Dava; TV kanalı iletim sözleşmesinden kaynaklı alacağın tahsili için girişilen ilamsız icra takbine vaki itirazın iptali, takibin devamı ile icra inkar tazminatı istemine ilişkindir.

Davacı vekili yazılı delillerini, faturalar, ihtarnameleri, sözleşmeleri ibraz etmiş ve icra dosyası celp edilmiştir.

Davalı vekili yazılı delillerini ,sözleşmeleri, ihtarnameleri ibraz etmiş ve icra dosyası celp edilmiştir.

Bakırköy …. İcra Müdürlüğü’nün E. Sayılı takip dosyasının incelenmesinde; Alacaklının (davacı)….A.Ş. vekili vasıtası ile 05.03.2018 tarihinde borçlu (davalı) … A.Ş. aleyhine Bakırköy …. İcra Müdürlüğü’nün E. sayılı dosyası ile fatura alacağını dayanak göstererek 115.715,52 TL alacak, takip tarihinden itibaren alacağa işleyecek yıllık %9,75 değişen oranlarda ticari temerrüt faizi, icra, harç ve giderleri ve avukatlık ücreti ile birlikte tahsili amacıyla takibe geçtiği, davalı borçlunun ….03.2018 tarihli itiraz dilekçesinde; müvekkilin takip konusu alacağa ilişkin olarak hiçbir borcunun bulunmadığnı, bu nedenle borca, faize ve ferilerine, ödeme emrine itiraz ettiğini belirttiği borçlunun yapmış olduğu vaki itirazı üzerine takibin durduğu işbu itirazın iptali davasının da yasal 1 yıllık sürede açıldığı anlaşılmıştır.

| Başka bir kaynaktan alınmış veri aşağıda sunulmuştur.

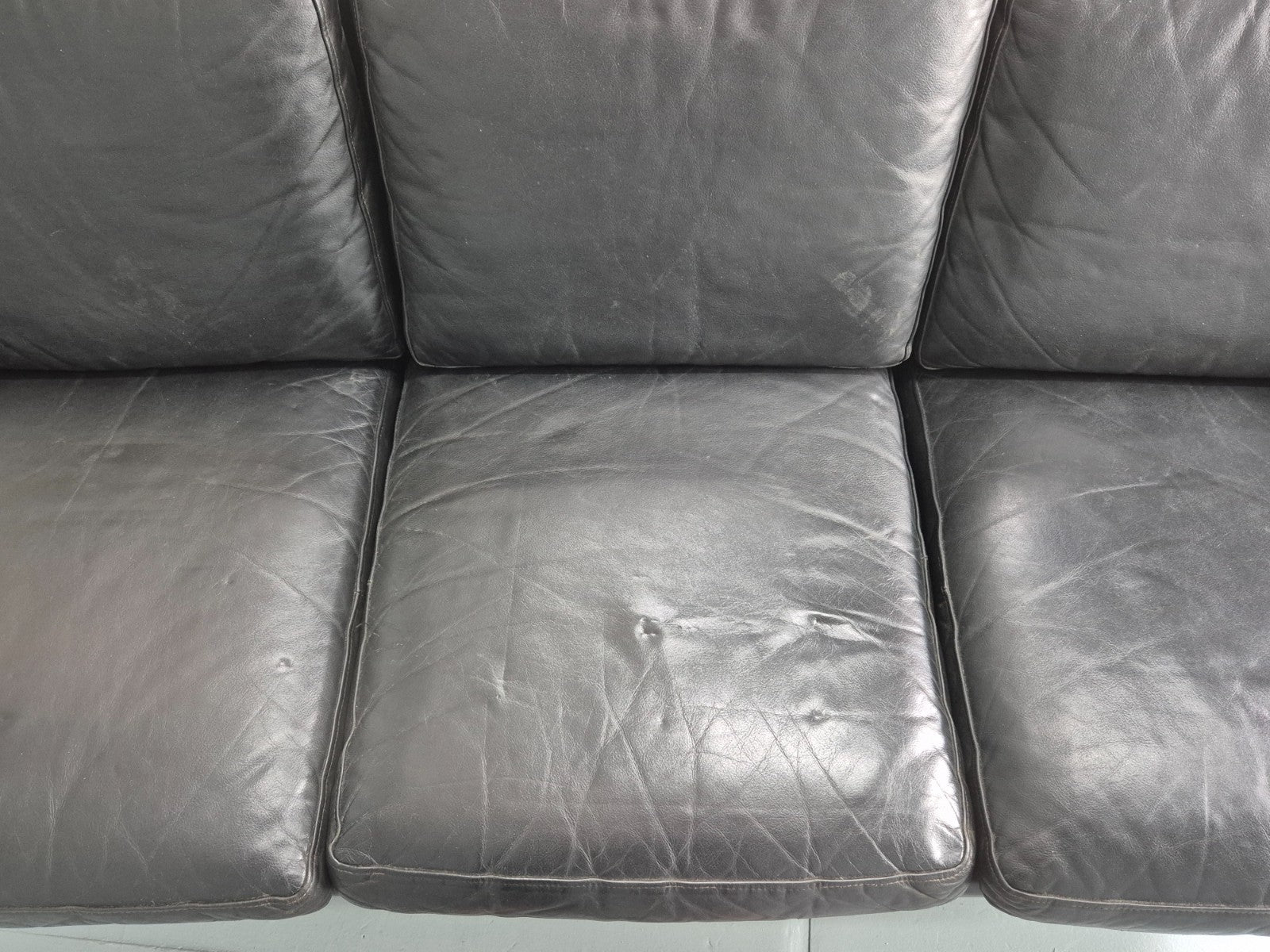 Vintage 1960s 3 Seat Sofa Danish Mid Century Design Black Leather EB10068 M3SS22
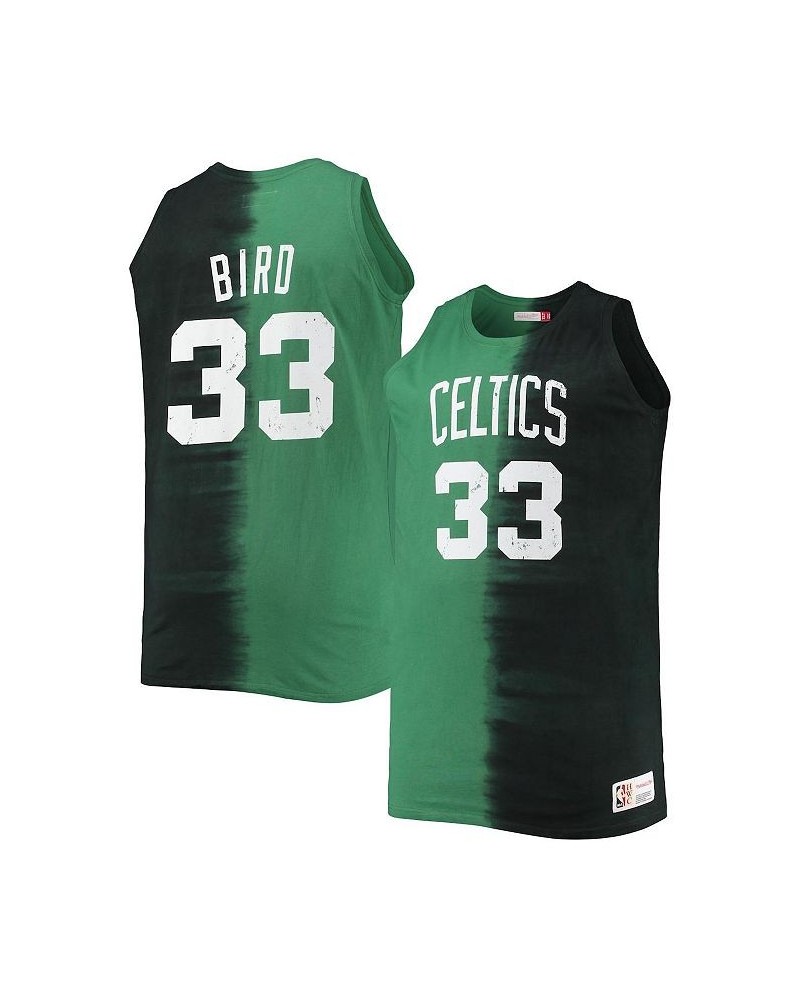 Men's Larry Bird Black and Kelly Green Boston Celtics Profile Tie-Dye Player Tank Top $34.10 T-Shirts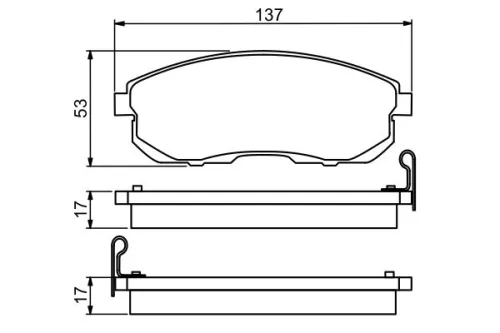 BOSCH Brake Pad Set, disc brake (0986494277)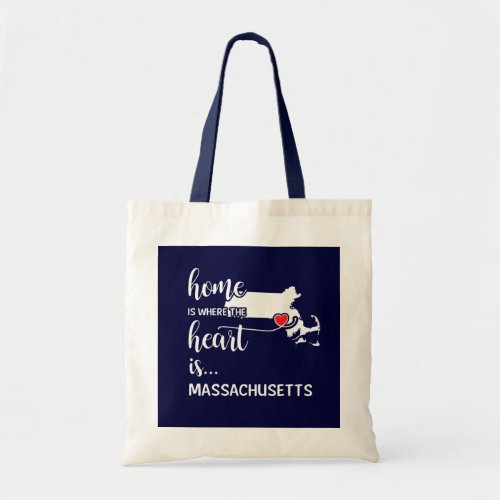Massachusetts home is where the heart is tote bag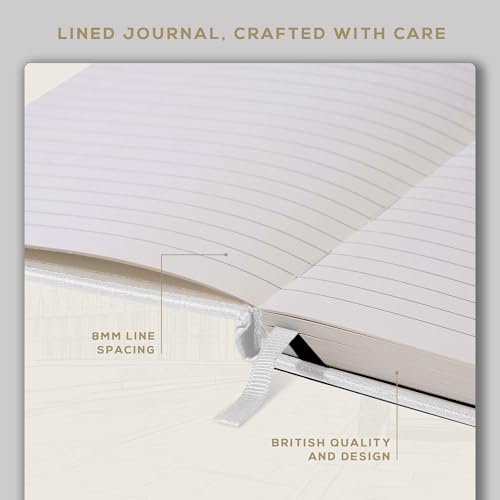 BEECHMORE BOOKS Lined Journal Notebook, 5.8" x 8.3", A5 160 Lined Pages, Hardcover Leather Journals for Women, Men, Writing and Notebooks for Work - 120 GSM Thick Paper, Gifts Box Included - color: Snow White, size: A5 - 5.8" x 8.3" Medium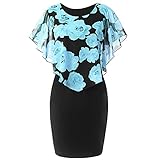 MICKURY übergröße Kleider bonprix cocktailkleider Strickkleid Damen Festliche Kleider Standesamt Abendkleid schwarzes Clara Brautkleider Brautkleider Kleider Joseph hochzeitskleider(B-Hell Blau,XXL)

Mahkememizce 01.10.2018 tarihli ara karar ile alacak miktarının belirlenmesi için bilirkişi incelemesi yaptırılmasına karar verilmiştir.

Mali Müşavir …. tarafından düzenlenen hükme esas alınan 29/01/2019 tarihli bilirkişi raporunda özetle;

Davacının ticari defterlerinin lehine delil niteliğini haiz olduğunu, davacının ticari defterlerine göre davalıdan 336.923,03 TL alacaklı olduğunu, davalının ticari defterlerinin lehine delil niteliğini haiz olduğunu, davalının ticari defterlerine göre takip tarihi itibariyle borcunun bulunmadığını, 2014 yılından 2018 yılına kadar aylık lisans bedeli olan 36.778 USD’nin döviz kurunun sabitlenerek ödendiğini sabit kur uygulamasının 2017 yılına kadar ihtilafsız devam ettiğini sabit kurun esas alınması durumunda davacının davalıdan 86.532,80 TL alacaklı olduğunu faturanın değişken kur üzerinden hesaplanması durumunda ise 115.715,52 TL alacaklı olduğu mütalaa olunmuştur.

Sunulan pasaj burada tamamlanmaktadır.